SA: I came to SONG as a volunteer/baby queer in early 2011 through Hermelinda Cortés who had just been hired as a Virginia Field Organizer for SONG in the fall of 2010. Hermelinda and I had known each other peripherally through similar activist circles we were part of in Richmond, VA. As SONG was just starting to do listening sessions and base-building work, Hermelinda reached out to me wanting to have a one-on-one to talk about SONG and her role. I remember we made dinner together one night and I started learning all about this organization that centered LGBTQ people in the South who were undocumented, people of color, working-class, rural or otherwise came from marginalized communities, and I was in complete shock. I finally felt like I had found a place that recognized me as a whole person.

After that night, I remember telling myself (and Hermelinda) that I was ready to throw down and do whatever SONG needed of me. After several months of volunteering my time, I was asked to join a “Summer Organizing Drive” that SONG was taking a part of in collaboration with Project South and other movement orgs in the region. It was a paid internship type of thing. At the end of the summer, SONG Co-Directors at the time, Paulina and Caitlin, asked me to join the SONG staff as a Virginia Field Organizer.
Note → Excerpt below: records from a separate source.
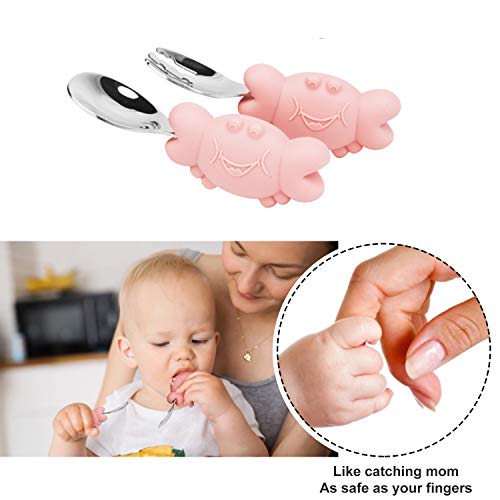 Juego de tenedor y cuchara para bebé, fácil agarre para bebés, niños, silicona y acero inoxidable, perfecto para auto-alimentación, 12 meses + (rosa cangrejo)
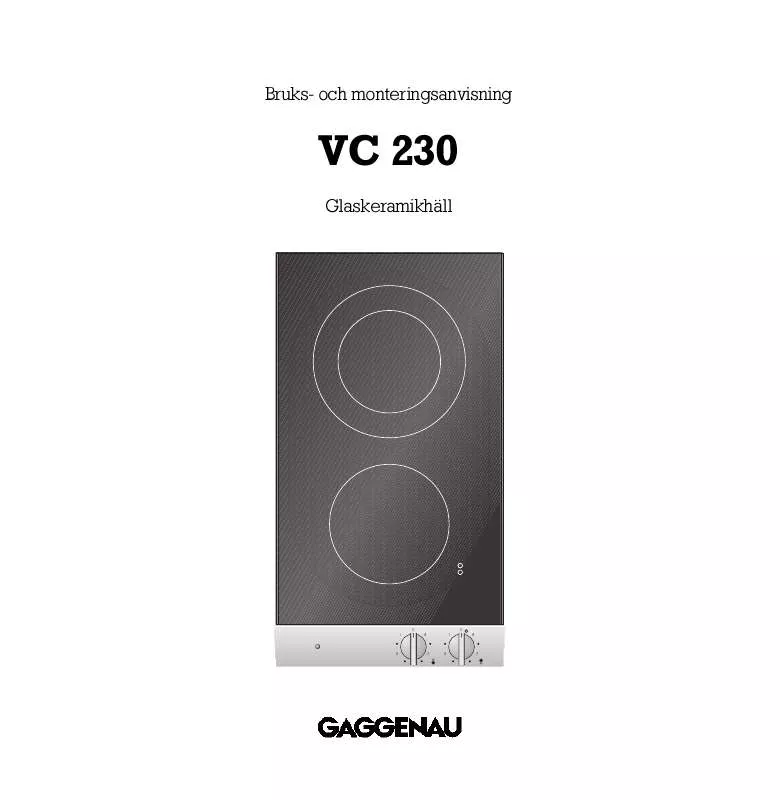 Mode d'emploi GAGGENAU VC230113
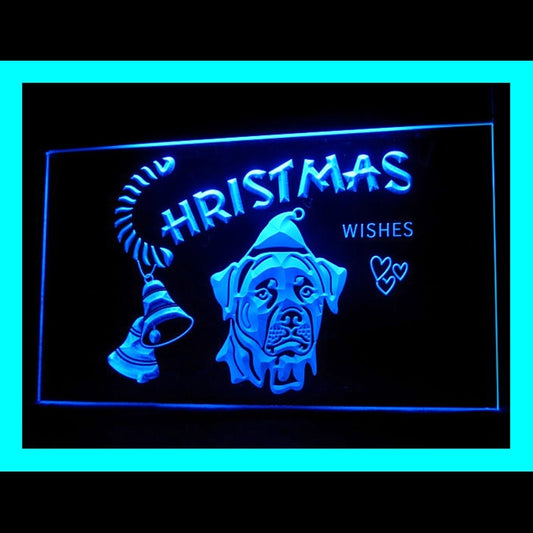 150042 X'mas Rottweiler Pets Christmas Home Decor Open Display illuminated Night Light Neon Sign 16 Color By Remote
After a couple of years of doing base-building, outreach, political education and leadership development work in Richmond, VA, I transitioned into becoming a Regional Organizer with SONG where I got to do similar work but across the Southeast. Throughout my six years at SONG I had the incredible privilege of supporting campaign organizing work, engaging in direct action, expanding our language justice work and building long-lasting, powerful relationships with hundreds of LGBTQ people in the South.


JFL:
I was fresh out of college, living in Charleston, South Carolina, doing feminist and youth empowerment work when one day, I got a message from someone I had never heard of named Paulina who wanted to talk to me about LGBTQ organizing in South Carolina. We met at a coffee shop in downtown Charleston and I was struck, first by the babely Black butch–bodyguard? girlfriend?–named Ashe who wore very cool sunglasses and did not take them off as she escorted Paulina into the coffee shop, then by her giant colorful earrings, and then finally by her description of this mysterious organization called SONG, which fought for something called queer liberation across the South, and saw racial justice work as an integral part of that fight.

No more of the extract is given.